We have been directed to teach MLA and ALA formatting. In eleven weeks.
I'm worried that this is where at least two of 22 class meetings (10%) of my instructional time is going to go. Instead of learning how to string together a cohesive sentence, a solid paragraph, a fluid paper, our students will be learning to underline that this way, but not that way, and to use a comma this time, but not next.
MLA is dying.
I love MLA. But all those psychology journals are winning in the style department. So if MLA is on its way out, I'll be the first one to wave good-bye.
Only I can't. I have to keep it on the respirator as it draws its last breath. While no one cares.
This is educational reform at its purest: do the most you can with what little you have, and do it quickly and well.
I should know.
In sixteen years of teaching, I've already survived three reforms: the first, in Sacramento, where credentialing was changing, ESL was at the forefront, and portfolios were assessment tools; the next, in Medford, where reading and math pushed out science, and history, and where Harry Wong was king; and years later, again in Medford, where double-language arts blocks replaced developing students' electives, and textbook companies were at war over the next contract.
It's all been very different from my own education: a Catholic elementary school at which we took timed multiplication tests and had spelling bees.
This year, my kids finished with outstanding report cards. Coming out of fifth, fourth, and first grade, they can now sculpt a clay cow, identify the red-winged blackbird, and sing "Baby You Can Drive My Car."

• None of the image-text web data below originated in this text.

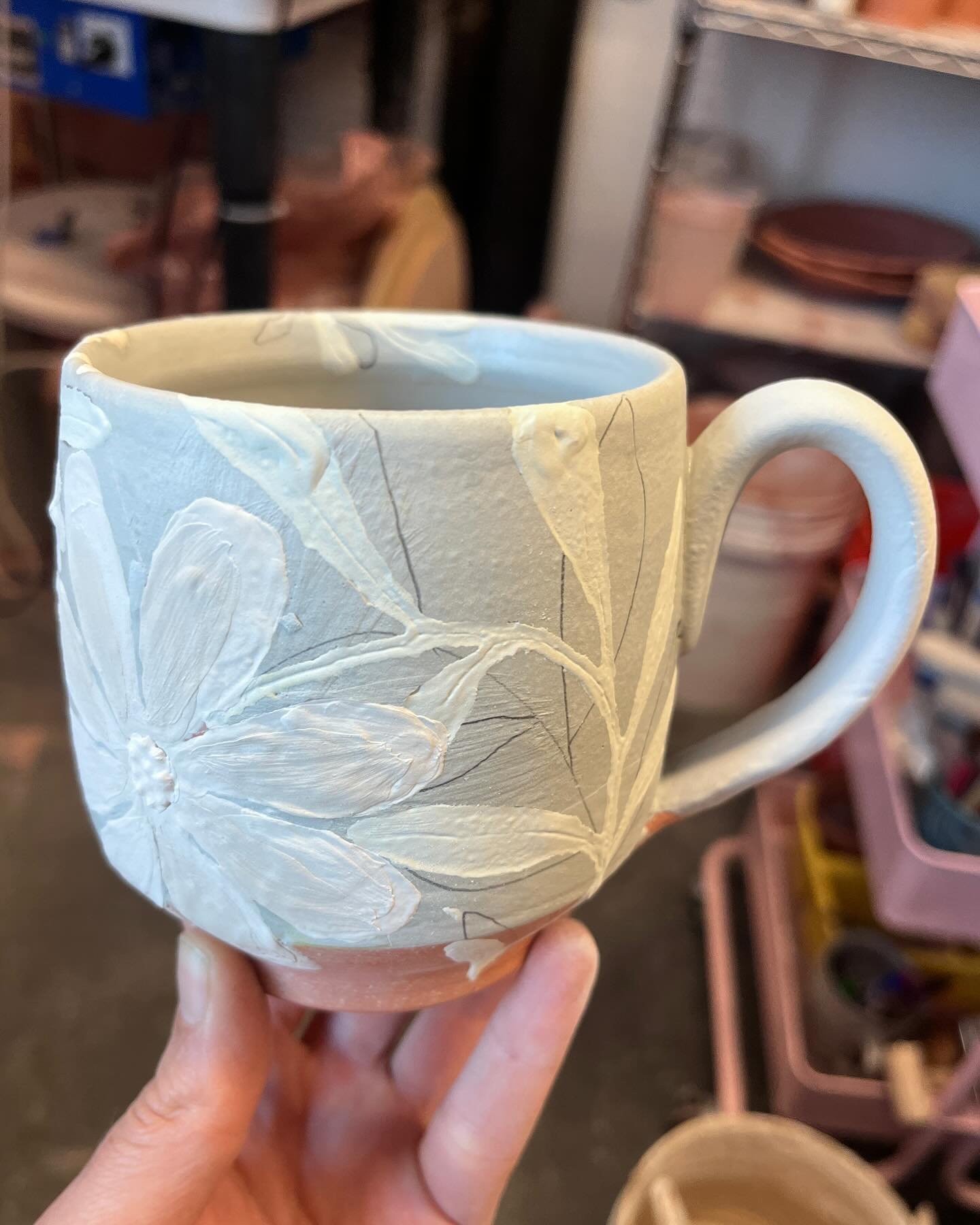 A little before ⚡️and after of this sweet cup. I love how the design stretches with the slope of the pot and shifts with the gravity as it melts. 

Want to learn about my glazing techniques? Check out my upcoming workshop with @pocosinarts May 22nd a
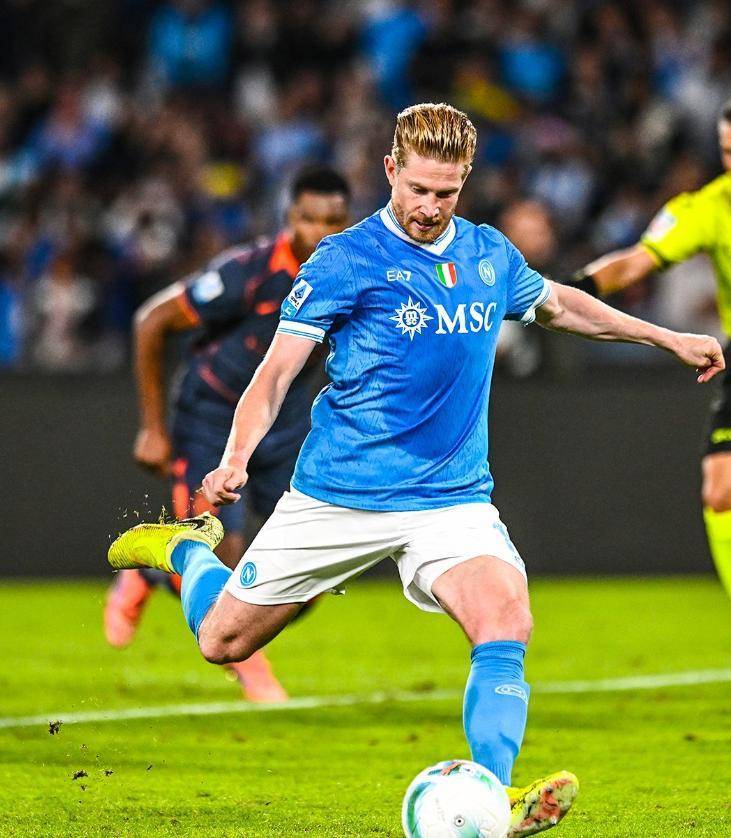 意甲领头羊易主！德布劳内点射+伤退，那不勒斯3-1国米争议声中登顶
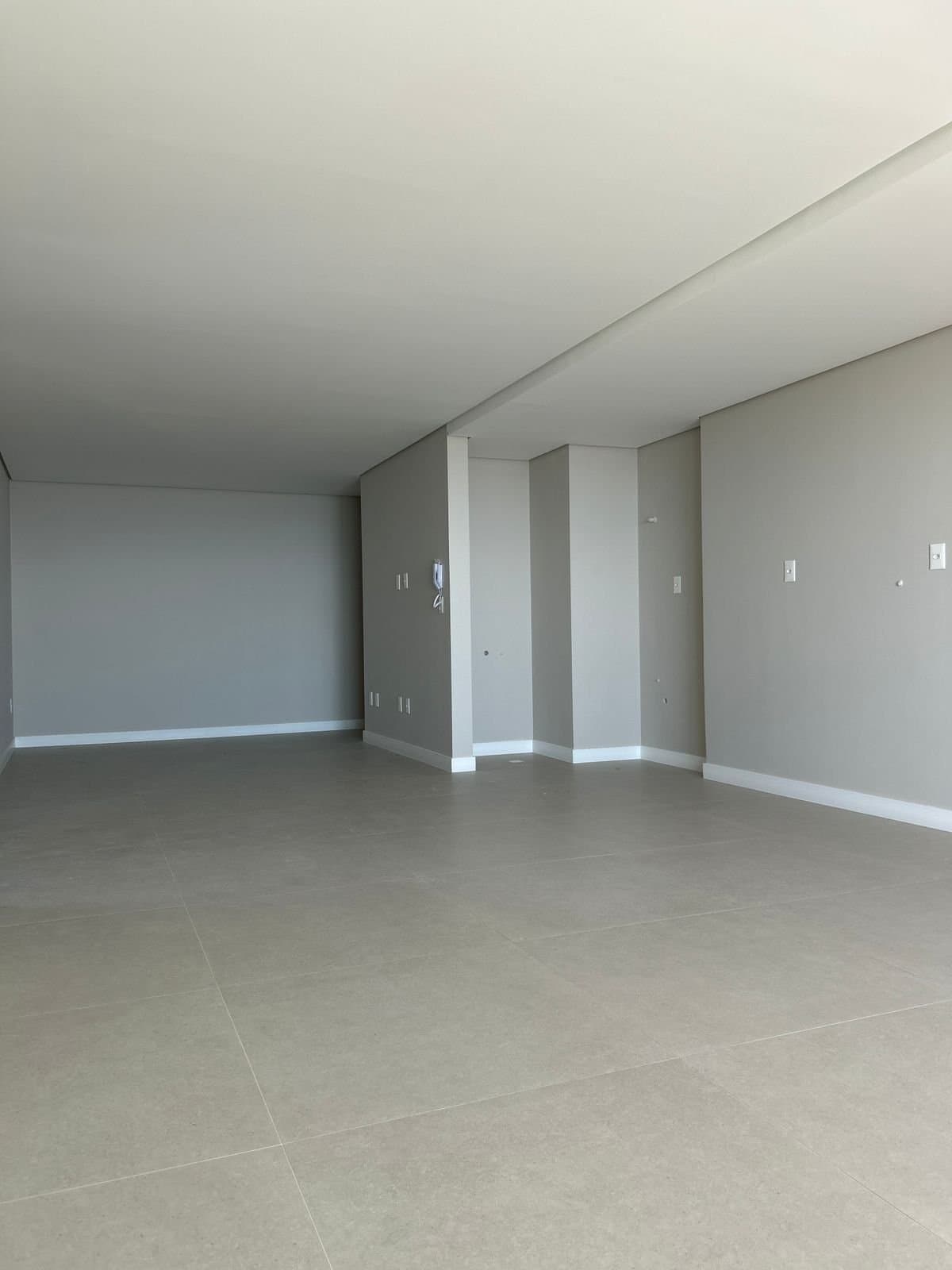 Apartamento de 3 quartos com 3 suítes e 121 m² em Itajaí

They can't add 120 and 120, however, especially without a page-long process involving estimation and subtraction.
Multiplication is tragic, too. When Daney uses flashcards (that are actually different shapes and grid squares), she can't spit out what is 9 times 9. Instead, she rounds up, then subtracts. It takes about five minutes.
So. I'm taking it upon myself to teach these kids the basics this summer. Daney is writing out her times tables, just as I did almost three decades ago.
Dominic is doing old-school long division, the one without a huge sidebar of estimation and rounding and whatever else.
And Reesie is using phonics.
They're picking up everything! It seems easy for them, these common sense basics that have become as obsolete as MLA.
Which all makes me wonder: Why are we making things so tough these days?
Maybe we need to reform reform. Stick to the fundamentals. Give kids skills they'll need in life, for jobs, at college. There's just something to be said for quick mental math.
And I'm waiting for the pendulum to swing back around. Any minute now.